Der Antragsteller trägt die Kosten des Beschwerdeverfahrens.

Der Wert des Streitgegenstandes wird für das Beschwerdeverfahren auf 302,06 Euro festgesetzt.

 

Tatbestand

I. Der Antragsteller, dessen Antrag auf Wiederherstellung der aufschiebenden Wirkung gemäß § 80 Abs. 5 VwGO im Beschwerdeverfahren Erfolg gehabt hat, begehrt, dass bei der Festsetzung der zu erstattenden Kosten zusätzlich eine Terminsgebühr in Höhe von 302,06 Euro festgesetzt werde. Diese sei deshalb entstanden, weil sein Bevollmächtigter nach Einreichung des Widerspruchsschreibens, mit dem er auch die Wiederherstellung der aufschiebenden Wirkung seines Widerspruches bei der Antragsgegnerin begehrt habe, mit dem Justitiariat des Personalamtes der Antragsgegnerin telefoniert habe, dieses zwar die rechtlichen Schwierigkeiten des Falles eingeräumt habe aber erklärt habe, dass die Behörde den Fall als Präzedenzfall ansehe und die Behörde bis hin zur Leitungsspitze aber auch die allgemeine Rechtsabteilung und das Personalamt es darauf ankommen lassen wolle, weshalb dem Antrag auf Wiederherstellung der aufschiebenden Wirkung nicht stattgegeben werde.

Das Verwaltungsgericht hat die Erinnerung gegen die Ablehnung der Entscheidung des Urkundsbeamten der Geschäftsstelle mit Beschluss vom 30. November 2005 zurückgewiesen. Eine Terminsgebühr gemäß VV 3104 des Rechtsanwaltsvergütungsgesetzes sei nicht entstanden, weil auf Seiten der Antragsgegnerin keine Gesprächsbereitschaft vorhanden gewesen sei, die darauf gerichtet gewesen wäre, ein gerichtliches Verfahren zu vermeiden.

 

Entscheidungsgründe

II. Die zulässige Beschwerde des Antragstellers hat in der Sache keinen Erfolg. Zutreffend und aus zutreffenden Gründen hat das Verwaltungsgericht die Festsetzung einer zusätzlichen Terminsgebühr abgelehnt, denn eine solche ist nicht durch das Telefonat des Vertreters des Antragstellers mit der Antragsgegnerin am 25. Mai 2005 entstanden.

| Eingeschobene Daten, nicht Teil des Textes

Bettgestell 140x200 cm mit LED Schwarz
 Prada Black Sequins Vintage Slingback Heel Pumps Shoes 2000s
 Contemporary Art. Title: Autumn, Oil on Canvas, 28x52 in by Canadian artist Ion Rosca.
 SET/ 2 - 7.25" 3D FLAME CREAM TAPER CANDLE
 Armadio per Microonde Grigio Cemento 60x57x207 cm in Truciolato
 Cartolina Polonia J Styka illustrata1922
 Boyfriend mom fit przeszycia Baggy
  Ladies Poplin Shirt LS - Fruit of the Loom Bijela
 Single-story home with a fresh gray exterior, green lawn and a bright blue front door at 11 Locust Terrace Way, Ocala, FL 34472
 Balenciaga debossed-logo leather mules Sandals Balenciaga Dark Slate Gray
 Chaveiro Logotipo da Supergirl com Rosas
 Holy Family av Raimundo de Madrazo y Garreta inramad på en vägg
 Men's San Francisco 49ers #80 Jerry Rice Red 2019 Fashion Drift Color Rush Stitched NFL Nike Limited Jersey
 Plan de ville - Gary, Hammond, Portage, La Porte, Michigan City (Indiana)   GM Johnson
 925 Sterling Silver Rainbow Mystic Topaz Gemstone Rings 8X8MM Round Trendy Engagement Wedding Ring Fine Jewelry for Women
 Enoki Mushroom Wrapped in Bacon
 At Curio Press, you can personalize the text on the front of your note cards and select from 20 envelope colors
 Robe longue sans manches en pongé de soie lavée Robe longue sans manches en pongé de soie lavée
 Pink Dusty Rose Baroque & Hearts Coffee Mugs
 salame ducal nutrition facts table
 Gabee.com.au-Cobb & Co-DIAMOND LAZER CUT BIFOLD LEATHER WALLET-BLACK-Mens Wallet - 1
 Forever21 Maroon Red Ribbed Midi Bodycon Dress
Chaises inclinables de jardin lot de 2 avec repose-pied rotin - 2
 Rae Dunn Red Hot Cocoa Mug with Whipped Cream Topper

Auch nach Darstellung des Antragstellers hat die Antragsgegnerin in diesem Gespräch darauf hingewiesen, dass eine Einigung nicht in Betracht komme. Die Antragsgegnerin sehe den Fall als Präzedenzfall an und wolle es darauf ankommen lassen. Eine wie auch immer geartete Einigungsbereitschaft der Antragsgegnerin kann daraus nicht entnommen werden. Vielmehr sind die Darstellungen des Antragstellers über das Gespräch dahingehend zu verstehen, dass der Antragsgegnerin nicht an der Vermeidung eines Verfahrens vorläufigen Rechtsschutzes gelegen war, sondern sie an ihrem Rechtsstandpunkt festhielt und auch an einer ggf. gerichtlichen Klärung der von ihr vertretenen Rechtsansicht durchaus interessiert war. Bei dieser Sachlage kann nicht, wie dies gemäß Vorbemerkung 3 Abs. 3 des Vergütungsverzeichnisses zum RVG erforderlich ist, davon ausgegangen werden, dass der Prozessbevollmächtigte des Antragstellers an auf die Vermeidung oder Erledigung des Verfahrens gerichteten Besprechungen ohne Beteiligung des Gerichts mitgewirkt hat. Denn entgegen der Ansicht des Antragstellers und gegen die Ansicht des OLG Koblenz (Beschl. v. 3.5.2005, MDR 2005, S. 1137, 1138) ist nach Ansicht des Senates eine Terminsgebühr erst dann entstanden, wenn der Rechtsanwalt an einer Besprechung mitgewirkt hat, die objektiv auf die Vermeidung oder Erledigung des Verfahrens gerichtet war. Eine einseitige Absicht, das gerichtliche Verfahren zu erledigen oder zu vermeiden, reicht mithin nicht aus, um eine Terminsgebühr entstehen zu lassen. Vielmehr ist auch erforderlich, dass die Gegenseite die Vermeidung oder Erledigung des Verfahrens zumindest im Laufe der Besprechung für sich mit ins Auge fasst und die Besprechung (auch) zu diesem Zwecke führt.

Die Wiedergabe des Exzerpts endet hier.